TEHERAN: Le détroit d'Ormuz, voie maritime stratégique au coeur du conflit entre l'Iran et les Etats-Unis, restera fermé tant que Washington n'aura pas rempli ses engagements prévus par le protocole d'accord de juin, a annoncé mardi le négociateur en chef iranien Mohammad Bagher Ghalibaf.

Le détroit d'Ormuz "ne sera pas ouvert tant que les engagements américains stipulés dans le protocole d'accord (...) ne seront pas mis en oeuvre", a déclaré M. Ghalibaf, également chef du Parlement, dans un discours diffusé à la télévision d'Etat.

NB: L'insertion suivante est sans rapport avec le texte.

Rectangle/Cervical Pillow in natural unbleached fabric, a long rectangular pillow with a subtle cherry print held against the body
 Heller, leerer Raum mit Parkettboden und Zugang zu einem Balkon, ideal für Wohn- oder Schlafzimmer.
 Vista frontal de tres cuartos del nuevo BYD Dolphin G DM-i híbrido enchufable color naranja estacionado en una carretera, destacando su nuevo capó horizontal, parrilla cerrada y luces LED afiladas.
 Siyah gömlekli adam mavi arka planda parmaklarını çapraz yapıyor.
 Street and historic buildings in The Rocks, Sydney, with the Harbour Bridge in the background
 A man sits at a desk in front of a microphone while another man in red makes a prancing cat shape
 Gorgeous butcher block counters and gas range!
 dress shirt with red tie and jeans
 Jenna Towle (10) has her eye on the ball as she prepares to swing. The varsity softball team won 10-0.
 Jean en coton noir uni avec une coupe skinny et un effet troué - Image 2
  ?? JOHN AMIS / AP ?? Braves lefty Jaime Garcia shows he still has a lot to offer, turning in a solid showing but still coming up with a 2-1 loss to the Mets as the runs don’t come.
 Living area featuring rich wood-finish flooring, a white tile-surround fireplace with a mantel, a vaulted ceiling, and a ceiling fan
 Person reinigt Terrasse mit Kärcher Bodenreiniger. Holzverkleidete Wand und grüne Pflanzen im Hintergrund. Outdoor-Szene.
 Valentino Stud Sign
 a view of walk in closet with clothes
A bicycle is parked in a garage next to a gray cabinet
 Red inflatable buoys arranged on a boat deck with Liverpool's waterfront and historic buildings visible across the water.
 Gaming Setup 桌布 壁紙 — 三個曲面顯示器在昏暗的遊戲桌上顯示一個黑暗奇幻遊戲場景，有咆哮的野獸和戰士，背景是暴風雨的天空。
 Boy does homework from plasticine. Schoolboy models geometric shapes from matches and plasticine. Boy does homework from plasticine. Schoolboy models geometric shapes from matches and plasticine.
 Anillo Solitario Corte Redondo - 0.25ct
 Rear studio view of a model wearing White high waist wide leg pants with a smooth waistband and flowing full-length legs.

Il a cité parmi ces conditions "la levée du blocus naval (américain), le déblocage des avoirs (iraniens) gelés, la levée de l'embargo pétrolier" contre Téhéran, ainsi que "la fin des opérations militaires sur tous les fronts".

Après l'attaque américano-israélienne contre l'Iran le 28 février, Téhéran a riposté par des frappes sur les pays voisins alliés de Washington et verrouillé le détroit, voie de transit majeur des hydrocarbures, faisant s'envoler les cours du pétrole.

Les Etats-Unis ont imposé de leur côté un blocus aux ports iraniens.

Un cessez-le-feu a été conclu en avril suivi d'un protocole d'accord en juin en vue de négociations de paix, qui a ensuite volé en éclats après avoir brièvement permis une réouverture du détroit.

Si les hostilités ont récemment baissé en intensité, les efforts diplomatiques menés par les médiateurs marquent le pas.

L'émissaire américain et gendre de Donald Trump, Jared Kushner, a toutefois qualifié lundi de "très positives et animées" les tractations dans le but de conclure un accord entre l'Iran et les Etats-Unis.

S'il a admis sur Fox News qu'il n'y avait pas "beaucoup de confiance" entre les deux parties, il a précisé qu'elles "s'impliquaient très sérieusement".

"Le président Trump va se montrer très patient, il n'aime pas se précipiter pour conclure un accord. Il conclura le bon accord quand celui-ci sera prêt", a-t-il ajouté.

Dans le même temps, l'Iran et Oman mènent depuis plusieurs semaines des discussions pour trouver un accord sur le passage des navires dans le détroit d'Ormuz, situé entre leurs côtes, dont Téhéran revendique le contrôle.

"Si Oman se met en travers de notre chemin, on va leur bombarder la gueule", a déclaré lundi l'imprévisible  président américain, interrogé sur ces discussions par le journaliste de Fox News Trey Yingst.